▶ [Activity] Except for images, print the whole listing verbatim.

▶ [Supplied material]
[Start of Attachment]

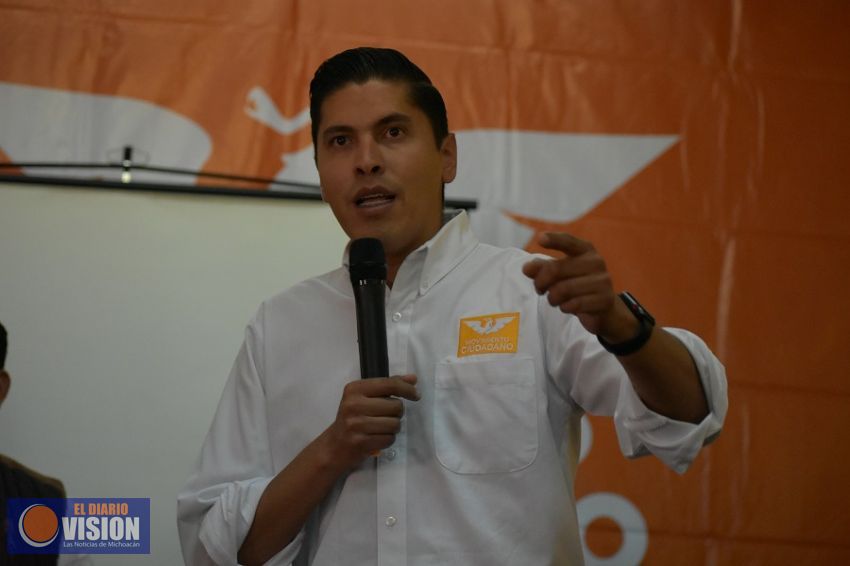 Presenta Javier Paredes iniciativa para inhabilitar de por vida a funcionarios corruptos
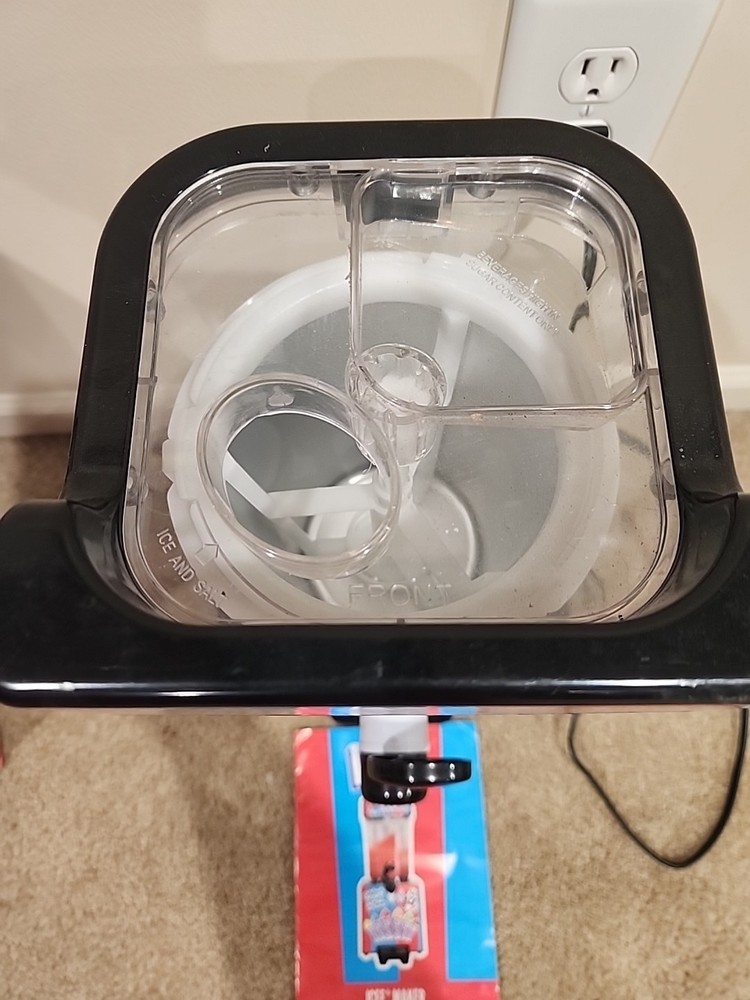 ICEE SLUSHIE MAKING MACHINE Counter-top Style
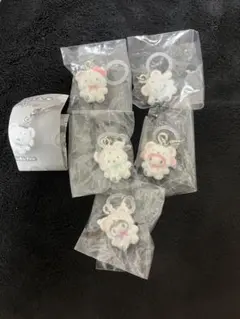 サンリオ ふわふわスノー めじるしアクセサリー ガチャガチャ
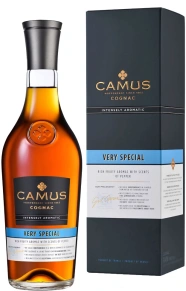 Коньяк Camus, VS, 3 года, 0.5 л (п/у)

[End of Attachment]

▶ [Response for this exercise]
 Presenta Javier Paredes iniciativa para inhabilitar de por vida a funcionarios corruptos
 ICEE SLUSHIE MAKING MACHINE Counter-top Style
 サンリオ ふわふわスノー めじるしアクセサリー ガチャガチャ
 Коньяк Camus, VS, 3 года, 0.5 л (п/у)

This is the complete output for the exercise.